Tristram Hunt has decided not to run for the Labour leadership, after realising he did not have have sufficient backing from his fellow Labour MPs.
Hunt had been considering a bid to succeed Ed Miliband, however today he backed Liz Kendall for the party's top job. "In trying to gather the names I need, there was real risk I might help restrict the choice for the party," he said.
In order to get on the ballot, candidates need the backing of 35 Labour MPs. Hunt's decision will be seen as an attempt to unite the 2010 intake Blairite wing of the party against frontrunner Andy Burnham.
"Today I am offering my endorsement to my college Liz Kendall," he said today. "She has the confidence and courage to be leader of our party."
In a speech in central London this morning, Hunt also said he supported calls for a change in party rules that would allow the leadership to be reconsidered again before the 2020 election.

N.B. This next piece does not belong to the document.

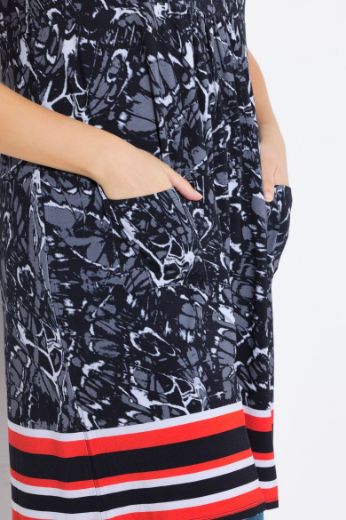 Plus size veliki brojevi Haljina midi bez rukava okruglog ovratnika za punije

He also issued a warning that the Unite union must not exert too much influence over the leadership contest. "We need less dictation by individuals and individual factions that still seek to wield and influence that is both disproportionate to what they deserve and contrary to the egalitarian principle of one member, one vote," he said.

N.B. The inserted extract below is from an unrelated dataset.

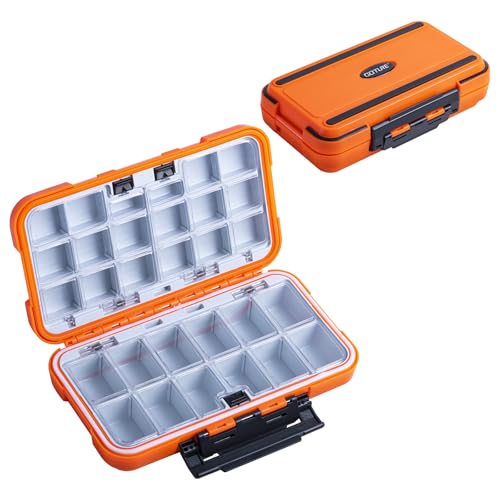 Goture Upgrade Small Tackle Box, Waterproof Fishing Lure Boxes, Fishing Bait Storage Lure Case Bait Plastic Containers Orange - color: Upgrade Orange(Size: 7.8'' L X 4.2'' W X 1.8'' H)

The leadership race is now between four Labour MPs: Yvette Cooper, Mary Creagh, Burnham and Kendall. However Creagh, another candidate from the 2010 intake, may struggle to stay in contention.
Hunt said: "Like other potential candidates in recent days I have made a lot of calls to potential supporters among my parliamentary colleagues.
"I found that the bulk of MPs are already committed to just a couple of candidates. It is surprising that the nomination process to select a leader for at least the next five years appears to have been largely decided within at most five days of a devastating General Election defeat.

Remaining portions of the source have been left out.